Some deer ticks can carry the bacteria Borrelia burgdorferi, which can lead to an infection. (Victoria Arocho/The Associated Press)
But Jim Wilson, the president of Canadian Lyme Disease Foundation, said one dose of antibiotics is not enough.

"That's not sufficient and we deal with the fall-out from that," said Wilson.

"We've been dealing with people from the Kingston area who were given two dosages of antibiotics. They're getting symptoms a week, two weeks later, they go back to try to get more treatment and doctors won't even acknowledge the symptoms are Lyme disease," he said.

Lyme disease can be difficult to diagnose because symptoms can take from three days to one month to appear and many of the symptoms — fever and chills, fatigue, headache, muscle and joint pain — are similar to other ailments. If untreated, it can lead to more serious conditions such as chronic arthritis.

Private Member's Bill to discuss national strategy

There were 47 confirmed cases of Lyme disease reported in 2013, a jump compared to the previous high of 19 cases in 2012.

Ottawa is not considered an endemic region for Lyme disease. But of the 47 cases, two reported Ottawa as their area of exposure.

The ticks are endemic to several places off Lake Erie, including Point Pelee National Park.

A number of eastern Ontario regions are also becoming high-risk locations, including Belleville, Kingston, Gananoque, Cornwall, Westport, and Sandbanks and Presquile Provincial Park.

Green Party leader Elizabeth May has introduced a private member's bill to develop a national strategy for dealing with Lyme disease. The House of Common's Health Committee is set to discuss the bill on Thursday.

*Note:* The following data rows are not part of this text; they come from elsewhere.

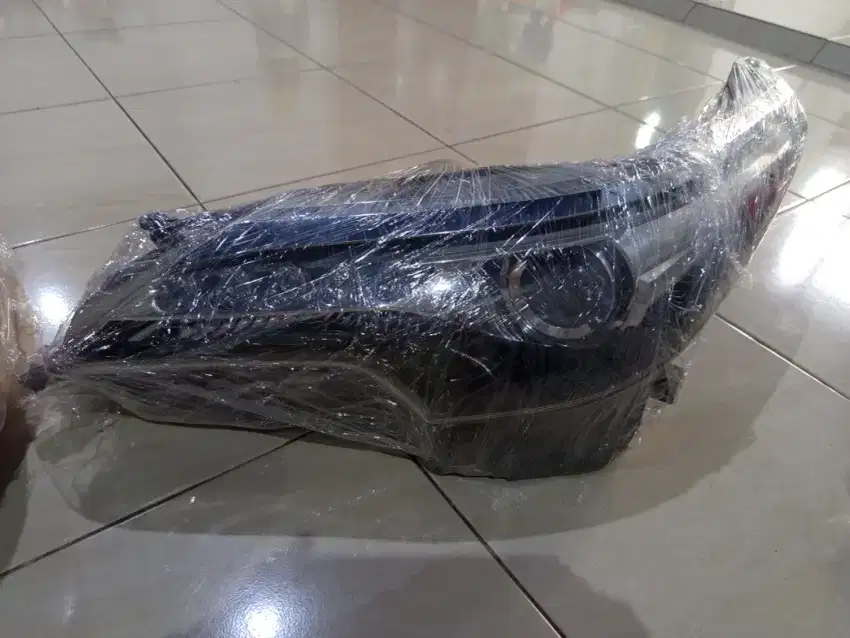 Headlamp dan stop lamp full set fortuner vrz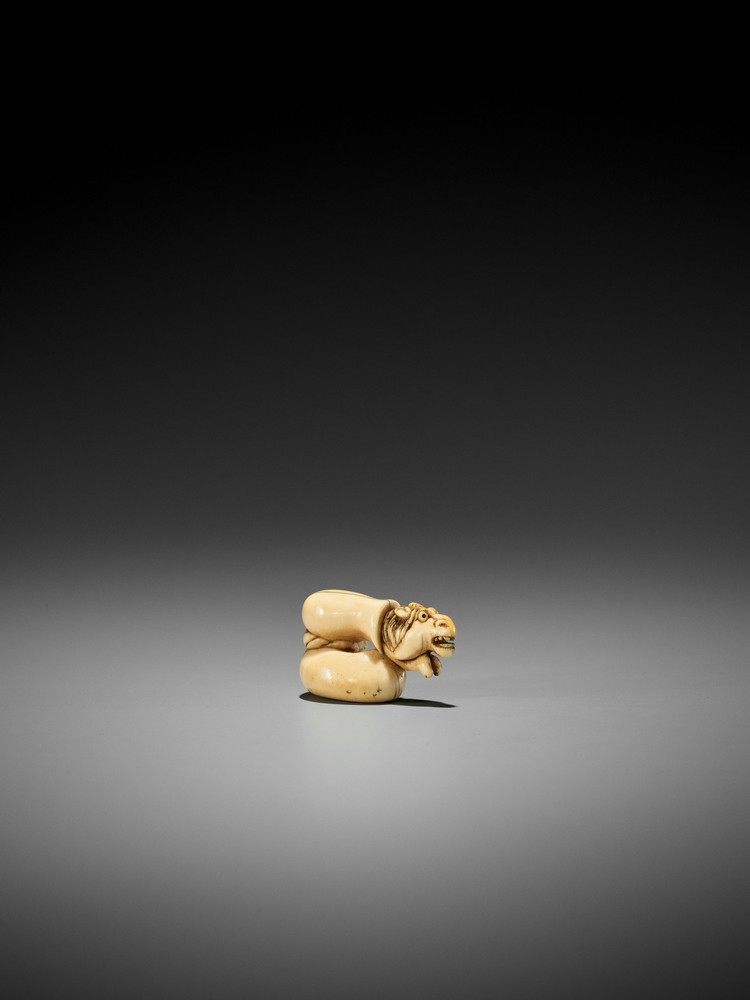 AN EARLY AND AMUSING IVORY NETSUKE OF CHOKARO’S HORSE STUCK IN A GOURD UnsignedJapan, 18th - Image 4 of 12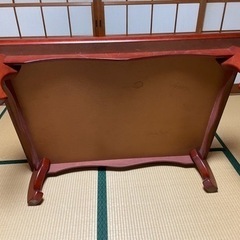 机 木製の画像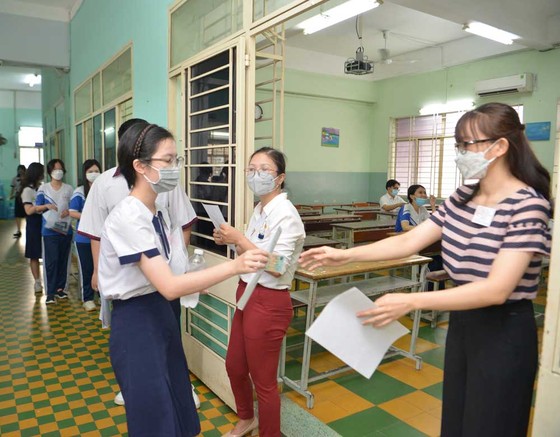 Thí sinh còn nhiều thời gian để lựa chọn, đăng ký vào ngành học phù hợp ảnh 94
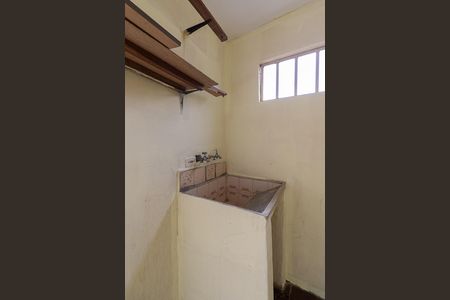 Casa à venda com 400m², 2 quartos e 2 vagas Casa à venda com 400m², 2 quartos e 2 vagasÁrea de Serviço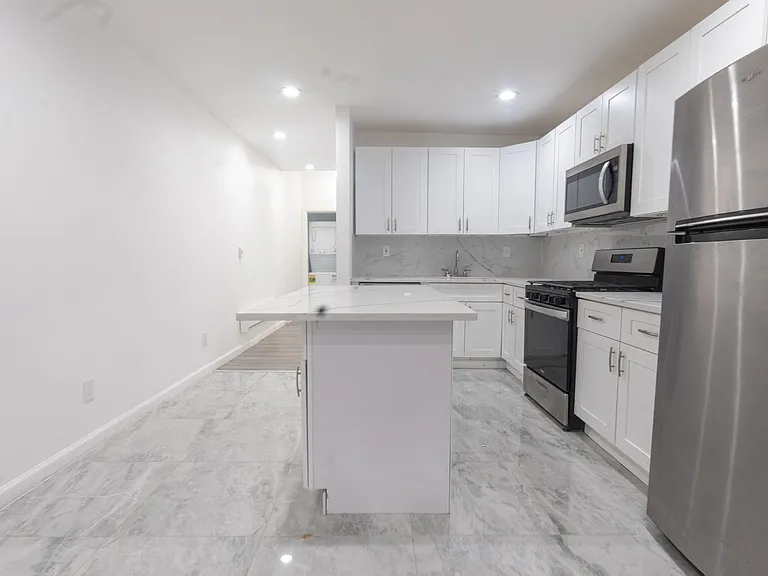 370 Pacific Ave #1 — Photo 5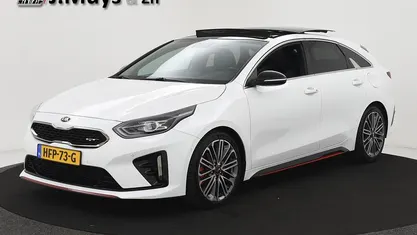 Wit Gebruikt 2019 Kia ProCeed Hatchback | € 21.885 (Eerlijke prijs)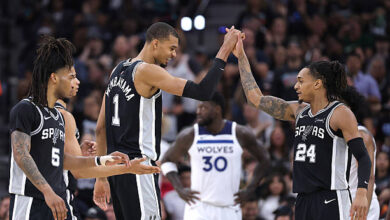 Timberwolves overwhelmed as Spurs take Game 5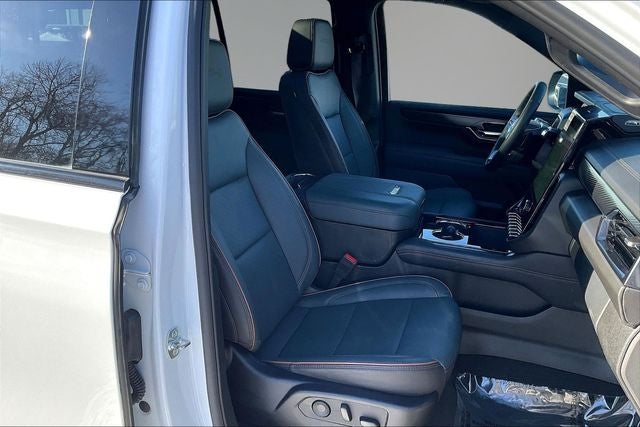 2025 GMC Yukon 4WD AT4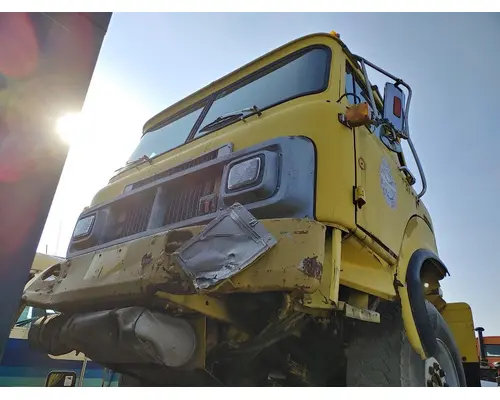 INTERNATIONAL COF-5370 Complete Vehicle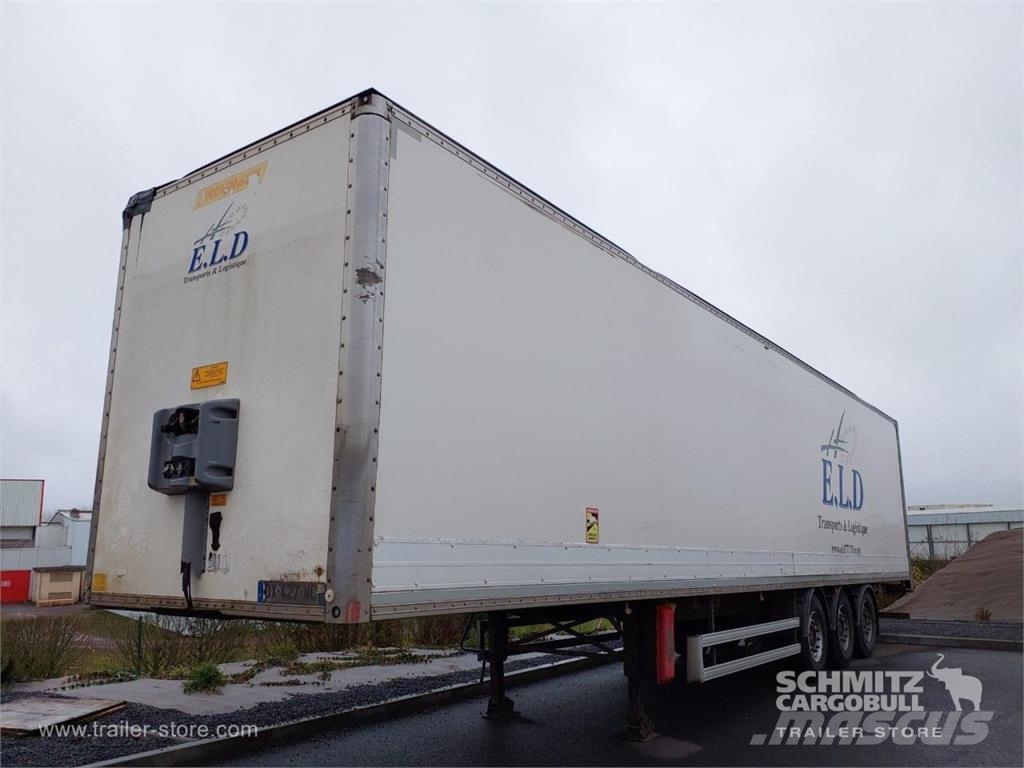 Fruehauf Semitrailer Dryfreight Standard Porte relevante Noslēgtās piekabes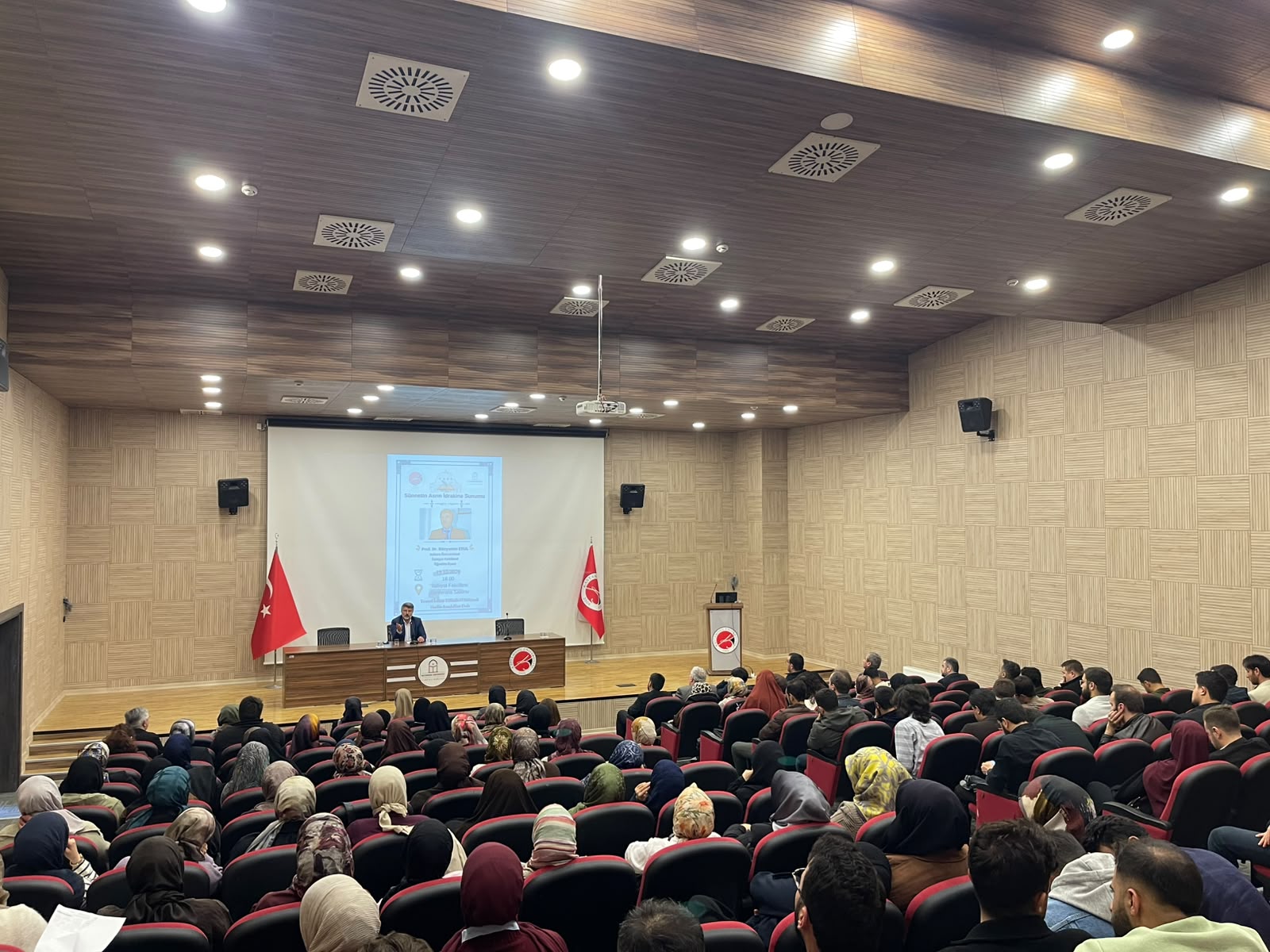 İlahiyat Fakültesi’nde “Sünnetin Asrın İdrakine Sunumu” Konulu Konferans Düzenlendi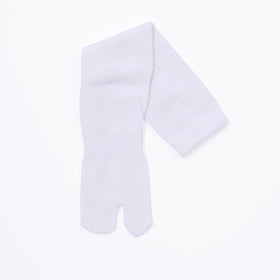 Front view of white Tabi Socks "NOBI NOBI"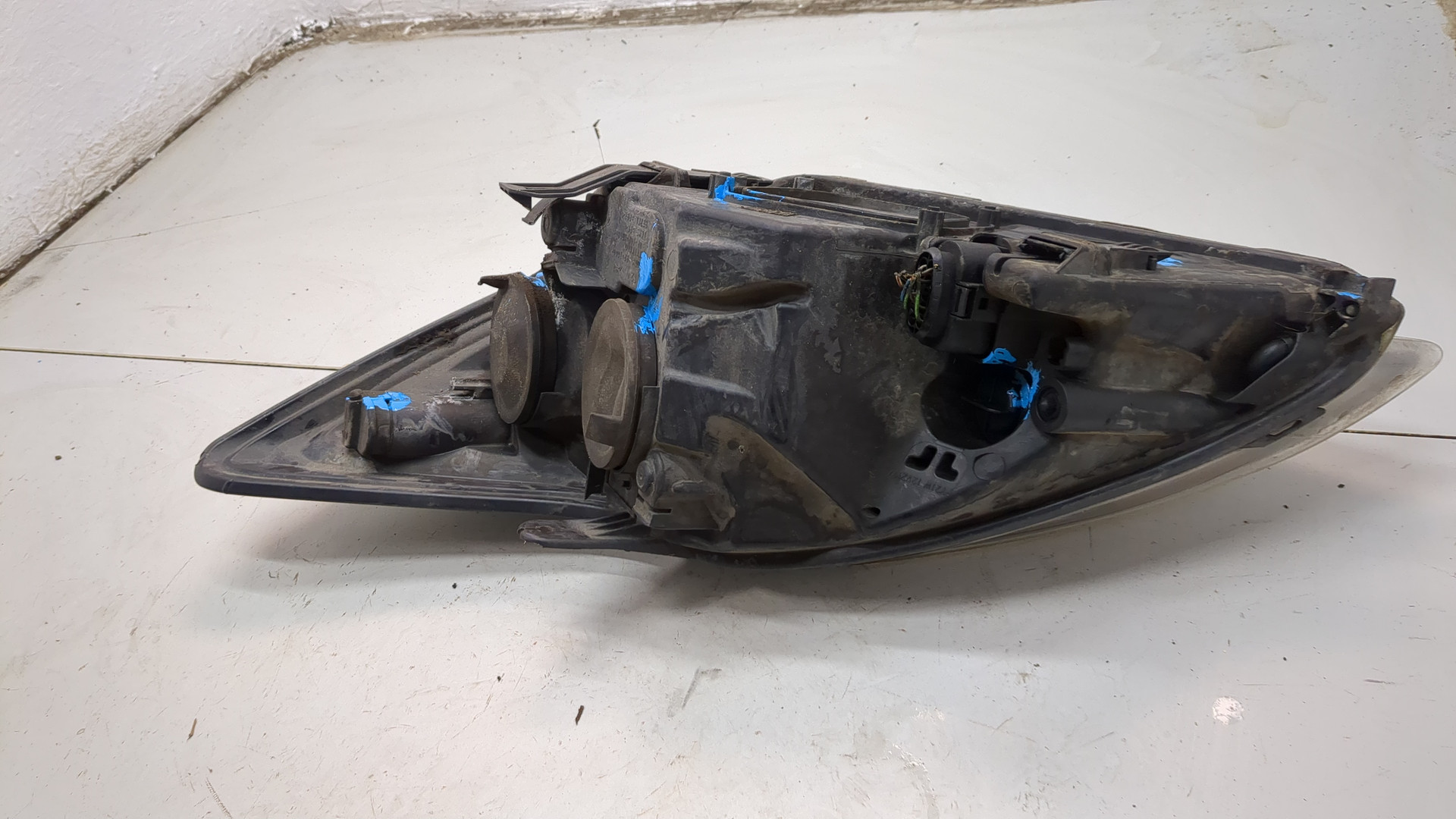 Фара правая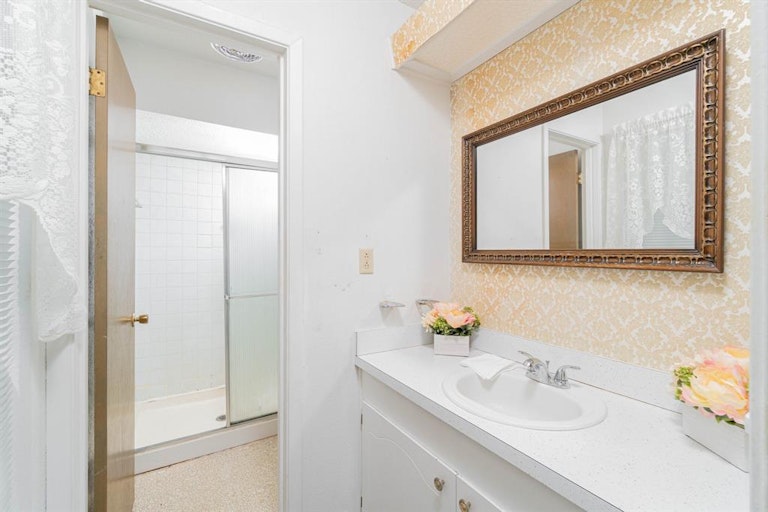 Photo 8 of 17 - 2110 Edna Smith Dr, Garland, TX 75040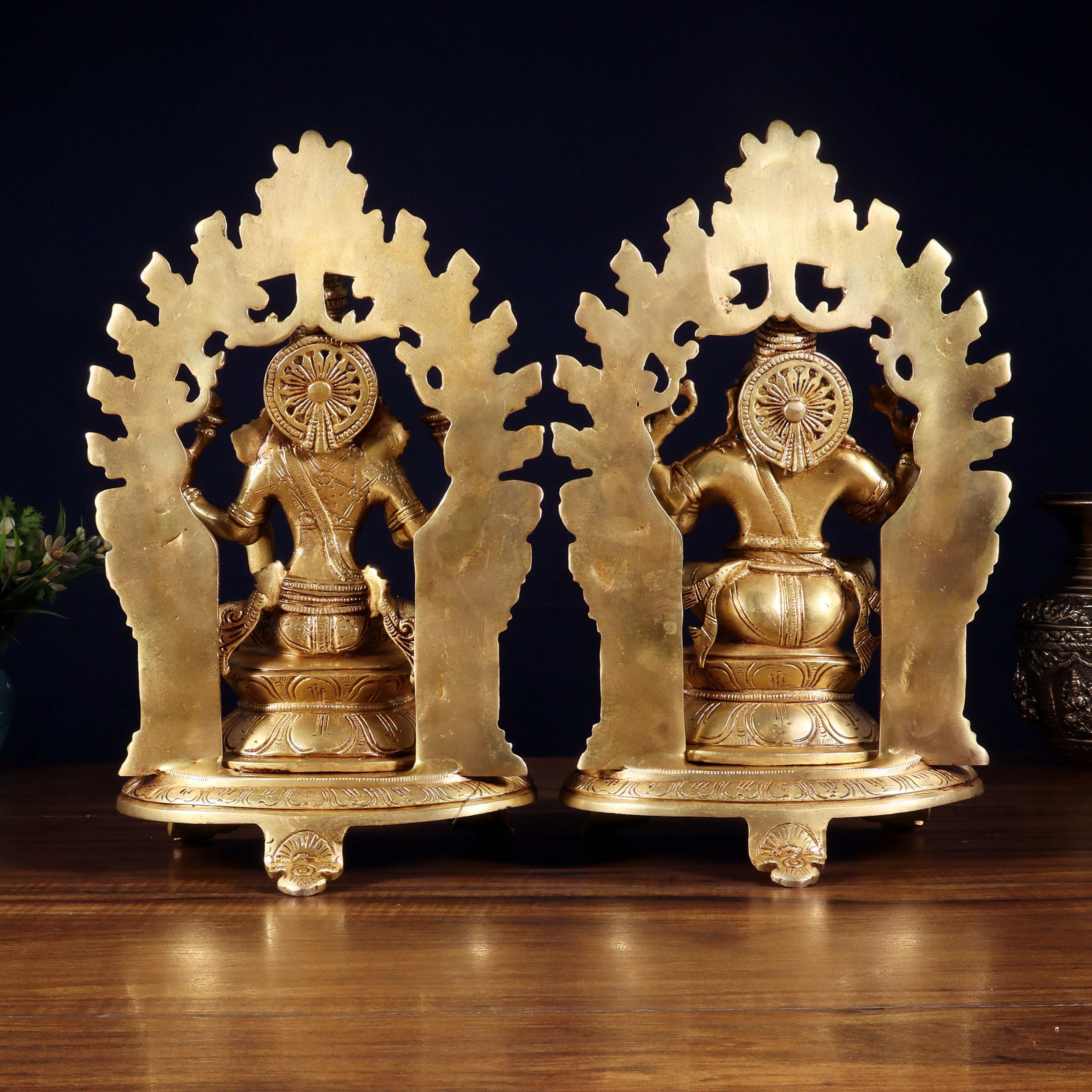 Pure Brass Lord Ganesha & Goddess Lakshmi Idol Pair with Prabhavali | 12 Inch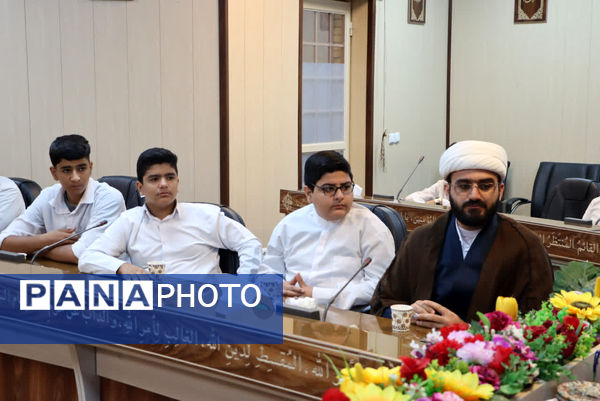 دیدار دانش‌آموزان مدرسه قرآنی رضوی با امام جمعه بافق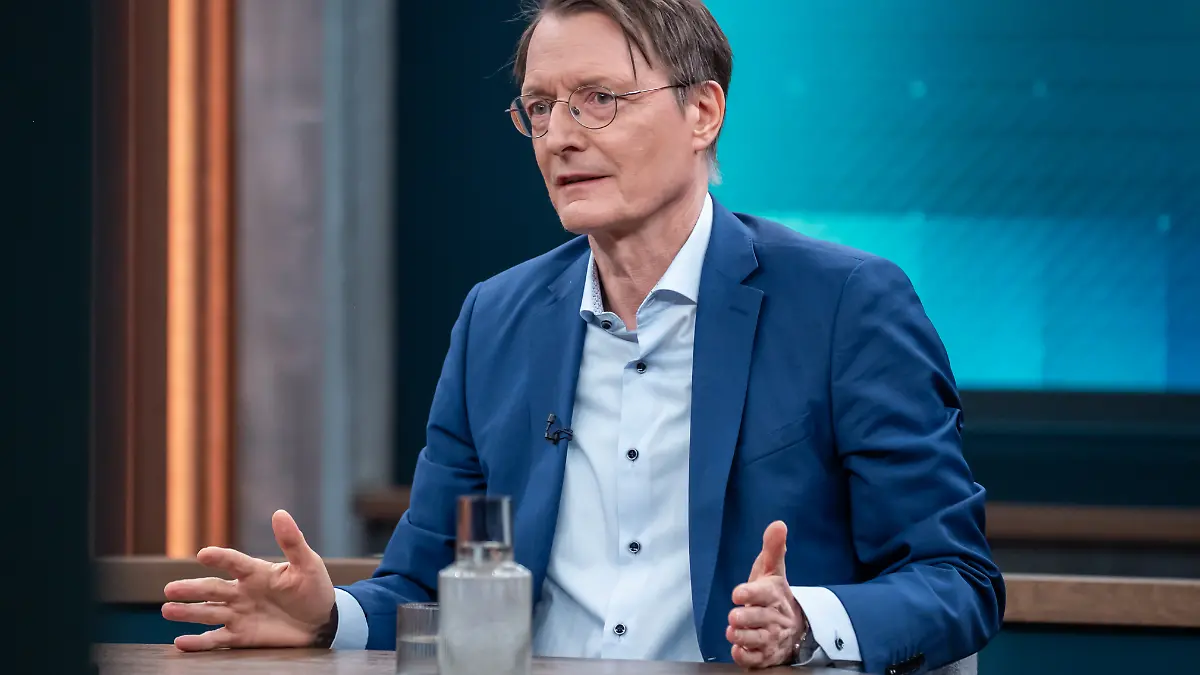 Caren Miosga mit ihren Gästen: Thorsten Frei (CDU), Karl Lauterbach (SPD) und Alisha Mendgen

NDR/Thomas Ernst, honorarfrei - Verwendung gemäß der AGB im engen inhaltlichen, redaktionellen Zusammenhang mit genannter NDR-Sendung bei Nennung "Bild: NDR/Thomas Ernst" (S2). NDR Presse und Information/Fotoredaktion Tel: 040 4156-2306 oder -2305, pressefoto@ndr.de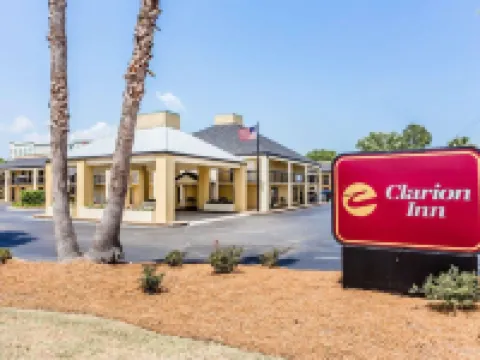 クオリティ イン マウント プレザント - チャールストン マウント・プレザントのホテル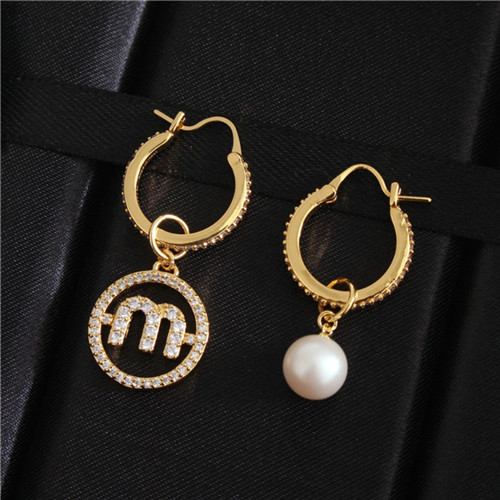 미우미우 귀걸이 M9141 2020/신상 (정품과 비교가능한 퀄리티)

Lyme disease prevention measures

  • Watch for ticks from early spring to late fall every year.
  • Avoid tick habitats such as tall grass, bushes and woods. Stay in the middle of trails, if possible.
  • Do a “tick check” at the end of every day spent outdoors. Carefully inspect yourself for any ticks, starting at your ankles and moving up. Take special care around your knees, armpits and head.
  • Blacklegged ticks are very small, particularly during the nymph stage, so look carefully.
  • Check children and pets as well.
  • Wear light-colored clothing, because it is  easier to see and remove ticks
  • Wear long pants and a long sleeved shirt.
  • Wear closed footwear and socks
  • Tuck your pants into your socks.
  • Use an insect repellent that has "DEET".  Always read and follow label directions.